Data Classes and Queries¶
All data which is to be stored within a StorageBackend
must inherit from the BaseStoredData
class. More broadly
there are typically two types of data which are expected to be stored:
HashableStoredData
- data which is readily hashable and can be quickly queried for in a storage backend. The prime examples of such data areForceFieldData
, whose hash can be easily computed from the file representation of a force field.ReplaceableData
- data which should be replaced in a storage backend when new data of the same type, but which has a higher information content, is stored in the backend. An example of this is when storing a piece ofStoredSimulationData
in the backend which was generated for a particularSubstance
and at the sameThermodynamicState
as an existing piece of data, but which stores many more uncorrelated configurations.
Every data class must be paired with a corresponding data query class which inherits from the BaseDataQuery
class. In addition, each data object must implement a to_storage_query()
function which returns the data query
which would uniquely match that data object. The to_storage_query()
is used heavily by storage backends when checking
if a piece of data already exists within the backend.
Force Field Data¶
The ForceFieldData
class is used to ForceFieldSource
objects within the storage backend. It is a hashable
storage object which allows for rapidly checking whether any calculations have been previously been performed for
a particular force field source.
It has a corresponding ForceFieldQuery
class which can be used to query for particular force field sources within
a storage backend.
Cached Simulation Data¶
Classes derived from the BaseSimulationData
class are used to store the data generated by molecular simulation. The
data object primarily records the Substance
, PropertyPhase
and ThermodynamicState
that the simulation was run
at, as well as provenance about the calculation and the force field parameters used (as the key of the force field in
the storage system).
It has a corresponding BaseSimulationDataQuery
class which can be used to query for simulation data which matches
a set of particular criteria within a storage backend, which in part includes querying for data collected:
at a given
thermodynamic_state
(i.e temperature and pressure).for a given
property_phase
(e.g. gas, liquid, liquid+gas coexisting, …).using a given set of force field parameters identified by their unique
force_field_id
assigned by the storage system
Additionally included is not only the ability to find data generated for a particular substance
(e.g. only data for
methanol), but also the ability to return data for each component of a given substance by setting the
substance_query
attribute to a SubstanceQuery
which has the components_only
attribute set to true:
# Load an existing storage backend
storage_backend = LocalFileStorage()
# Define a system of 50% water and 50% methanol.
full_substance = Substance.from_components("O", "CO")
# Look for all simulation data generated for the full substance
data_query = SimulationDataQuery()
data_query.substance = full_substance
data_query.property_phase = PropertyPhase.Liquid
full_substance_data = storage_backend.query(data_query)
# Now look for all of the pure data which has been stored for both pure
# water and pure methanol.
pure_substance_query = SubstanceQuery()
pure_substance_query.components_only = True
data_query.substance_query = pure_substance_query
component_data = storage_backend.query(data_query)
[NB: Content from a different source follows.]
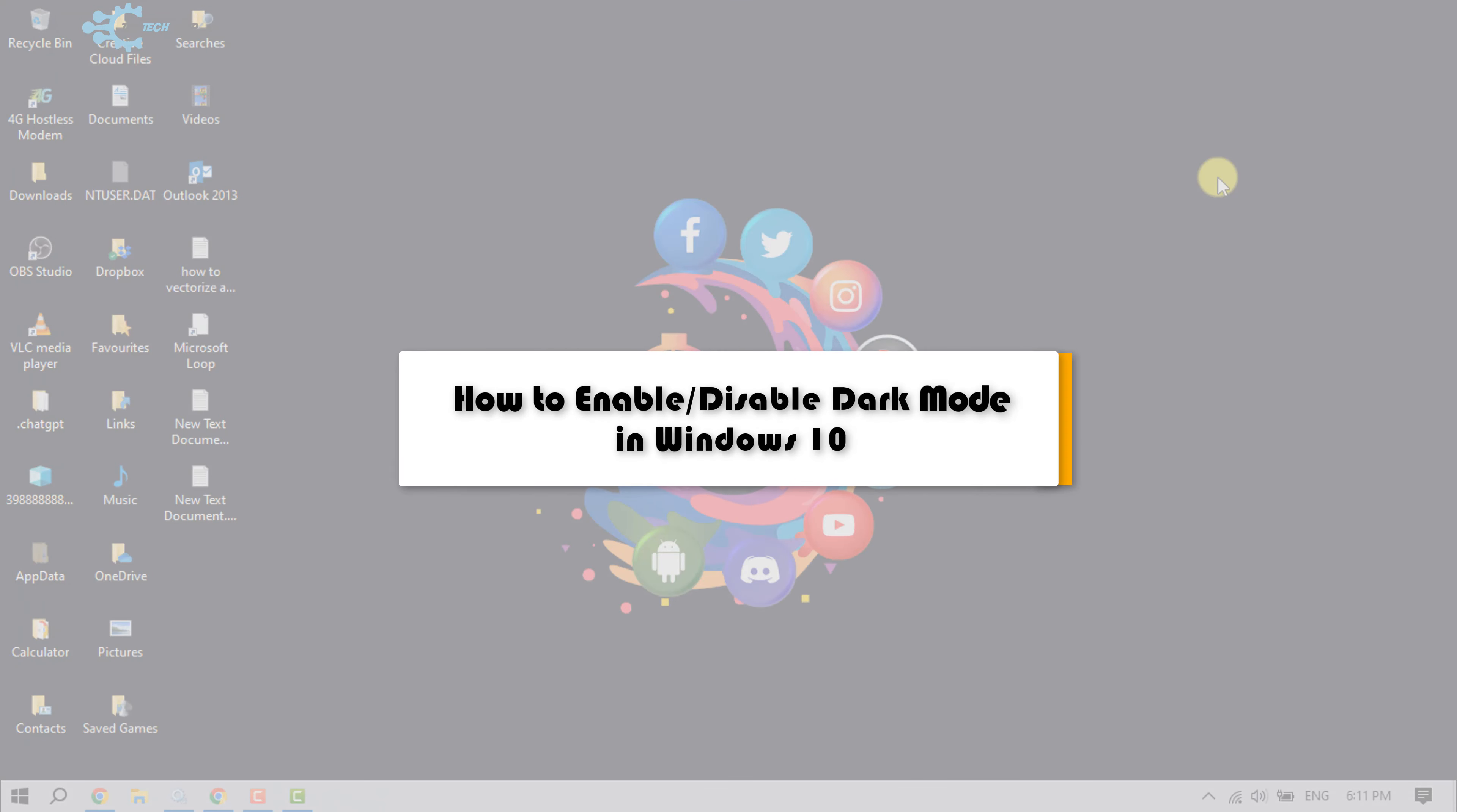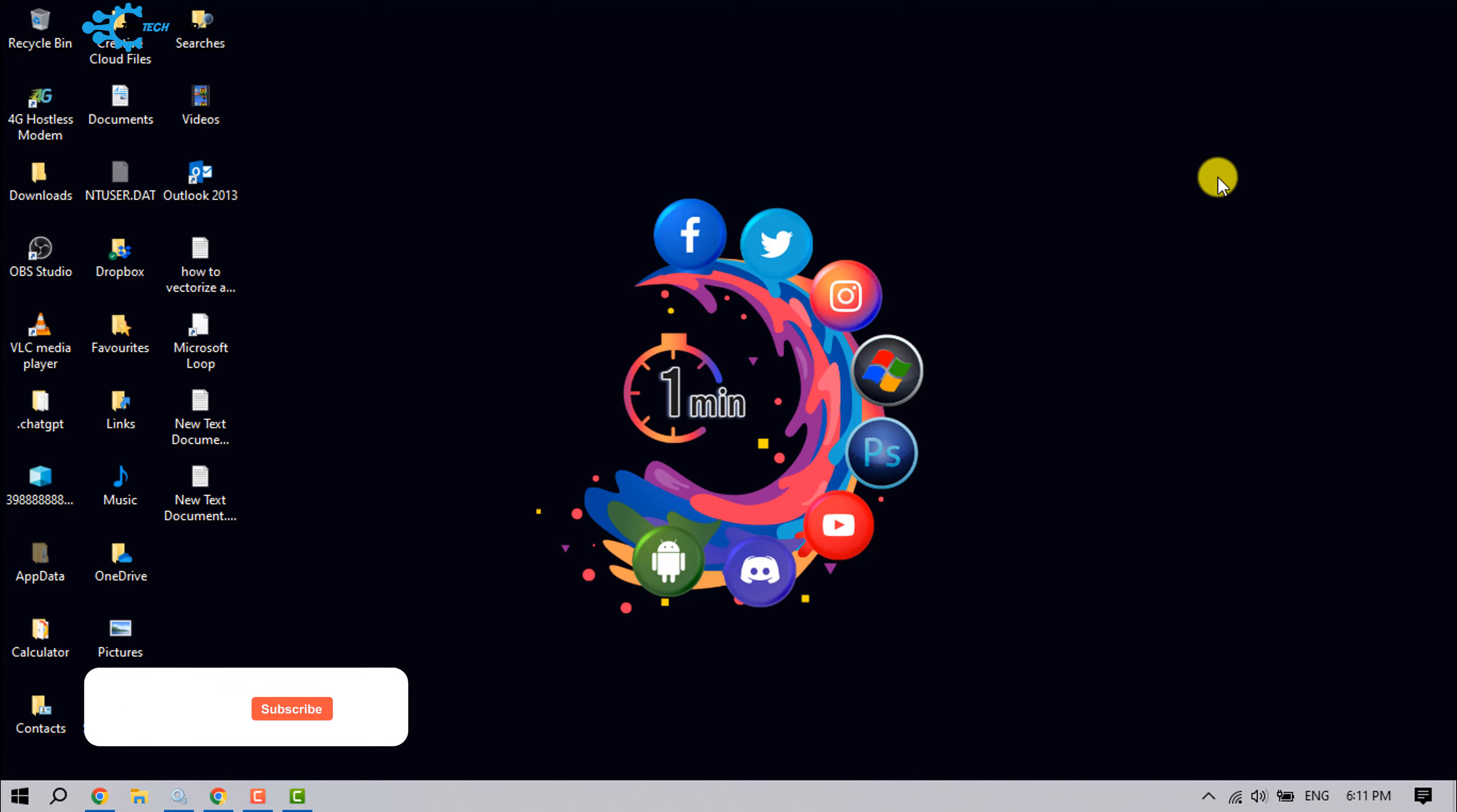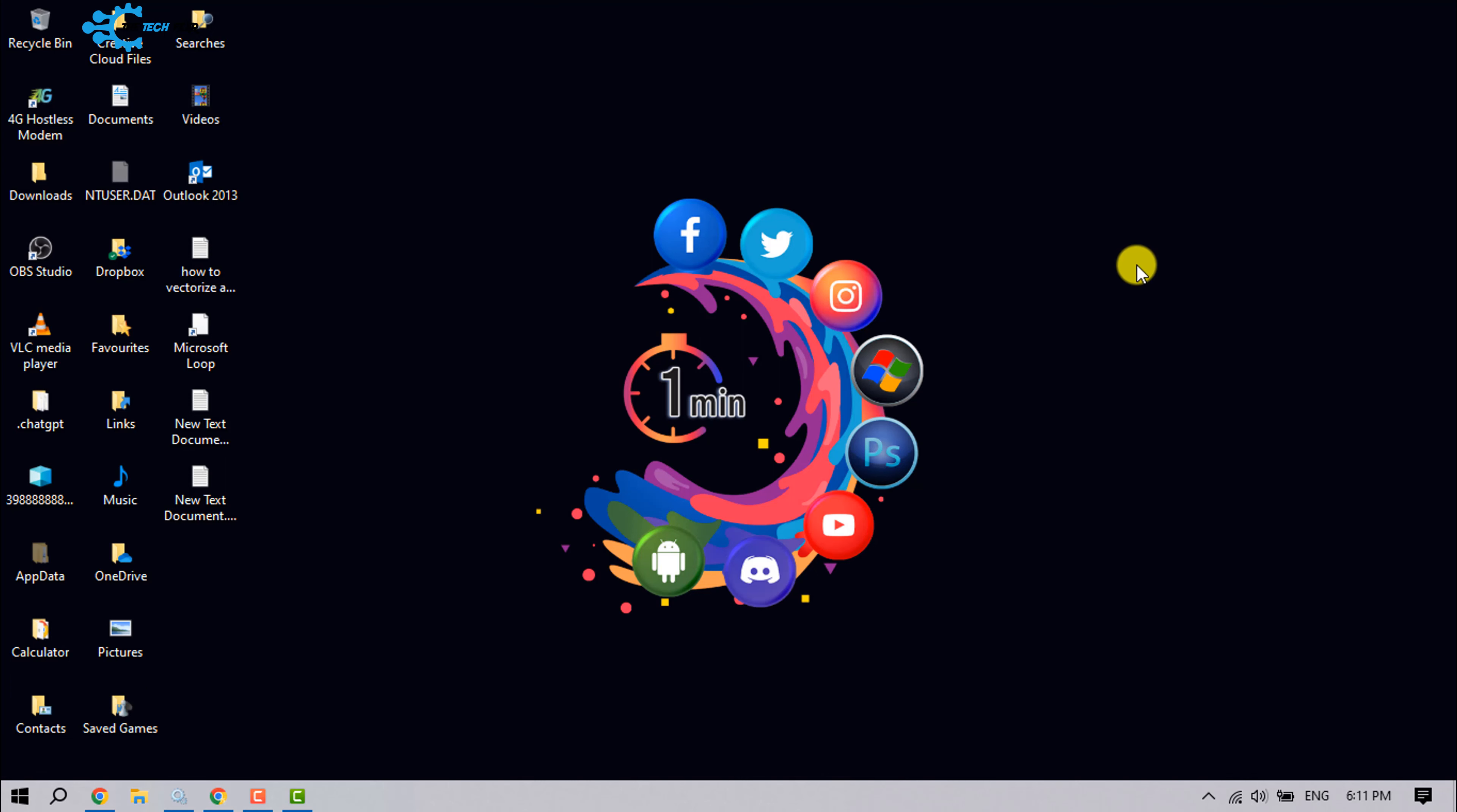The Tech Freezer will show you how to enable or disable dark mode in Windows 10. You can easily enable or disable the dark mode from your Windows 10. Just follow these simple steps.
This is particularly useful for when retrieving data for use in the calculation of excess properties (such as the enthalpy of mixing), where such calculations require information about both the full mixture as well as the pure components.
Single Simulation Data¶
The StoredSimulationData
class is used to store data generated by a single molecular simulation and can be
queried for using its accompanying SimulationDataQuery
query class. In addition to the data stored by the parent
BaseSimulationData
class, this class further stores:
the number of molecules which were simulated.
the topology of the simulated system (stored as ancillary data).
and trajectory of configurations (stored as ancillary data) and observables generated by the simulation.
the statistic inefficiency of the data.
Data of this kind is considered replaceable, whereby data which has the lowest statistical efficiency is preferred. The philosophy here is that we should store the maximum amount of samples (i.e the maximum number of uncorrelated samples for the property which has the shortest correlation time) which will be useful for future calculations, such that future calaculations can simply discard the data which cannot be used (i.e. is likely correlated).
Free Energy Data¶
The StoredFreeEnergyData
class is used to store data generated by a free energy calculation which computes the
free energy difference between an end and start state. It can be queried for using its accompanying
FreeEnergyDataQuery
query class.
In addition to the data stored by the parent BaseSimulationData
class, this class further stores:
the free energy difference between the end and starting state.
the topology of the system (stored as ancillary data).
and trajectory of configurations generated in the starting and end states (stored as ancillary data).
Although data of this kind inherits from the ReplaceableData
base class, all data deposited in a storage backend will
be retained. At this time no situation can be envisaged that the same free energy data from exactly the same calculation
will be stored, with the exception of operator errors.